AJC On Campus: Law school ranking ‘squabble’, UGA admission numbers

Several Georgia law schools plan to still participate in U.S. News & World Report’s annual rankings, even as some of the nation’s most prestigious schools withdraw support for what they say is a broken best-of list.

In this edition of AJC On Campus, we bring you the debate over law school rankings, data on students who got in early at the University of Georgia, the value of a master’s degree and more college news from around the state.

U.S. News rankings departures

In recent weeks, about a dozen law schools announced they’ll no longer submit their own data to U.S. News for use in compiling the outlet’s closely watched rankings, which the Yale Law School dean called “profoundly flawed.”

Law school leaders from Yale to Harvard to Columbia have decried the rankings for disincentivizing schools from enrolling diverse students with varied career interests, among other concerns about methodology.

But several of Georgia’s leading law schools told The Atlanta Journal-Constitution they haven’t abandoned the rankings.

“U.S. News is ultimately just one source of information among many that help consumers make informed choices,” said University of Georgia School of Law Dean Peter B. “Bo” Rutledge, in a written statement.

UGA’s law school, which landed at No. 29 on the publication’s most recent list, “will not withhold information” from U.S. News, he said.
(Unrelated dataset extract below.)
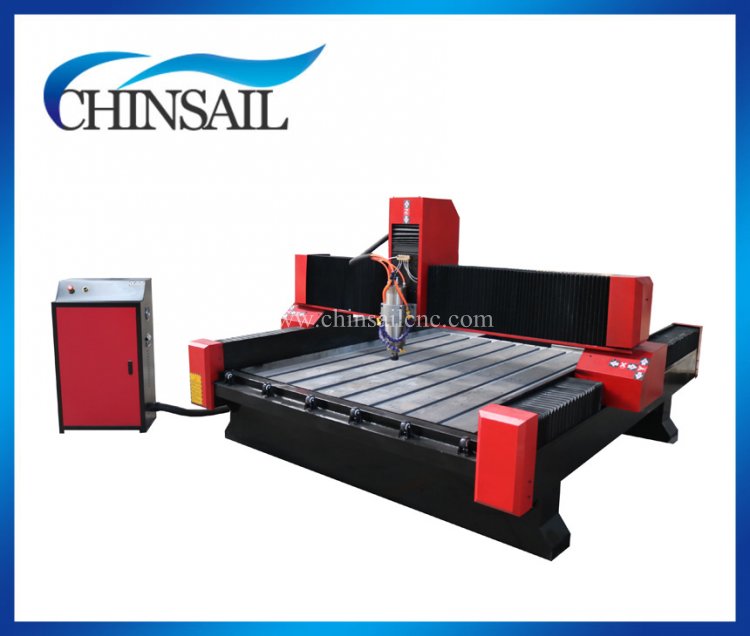 stone cnc router CXS1325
“Amid a squabble about a magazine, let’s not lose sight of the big picture: Tuition, cost, debt, jobs and bar passage are the topics that students and their families discuss around the kitchen table when deciding whether and where to pursue a professional degree,” he said.

Emory University’s law school, locked in a five-way tie at No. 30, said it “continues to monitor the debate and to consider whether or not to devote law school resources to the U.S. News & World Report’s ranking business given ongoing, widespread concerns about the reliability of the data used in the rankings and the methodology employed by the publication.”

And at Mercer University in Macon, where the law school is tied for No. 122, the university said it is “following these developments with interest and has some sympathy” with the decisions made by other law schools to no longer cooperate. But so far, Mercer hasn’t backed away.

Georgia State University’s law college, tied for the 78th spot, did not immediately provide a comment.

In an online statement, U.S. News said it respects the choice by some schools to no longer submit information but said it will still rank all of the nation’s fully accredited law schools, of which there are nearly 200.

Getting in early at UGA

Credit: University of Georgia

Credit: University of Georgia

A record number of students applied for early action admission to the University of Georgia.

The university reported it received 26,001 first-year applications (including 26 from applicants named Georgia) for early consideration. The process allows students to learn if they’ve been accepted months before a traditional admissions timeline.

The university admitted 8,253 students in mid-November. The university deferred making an admissions decision for roughly 11,500 students, a delay that gives officials more time to review applications.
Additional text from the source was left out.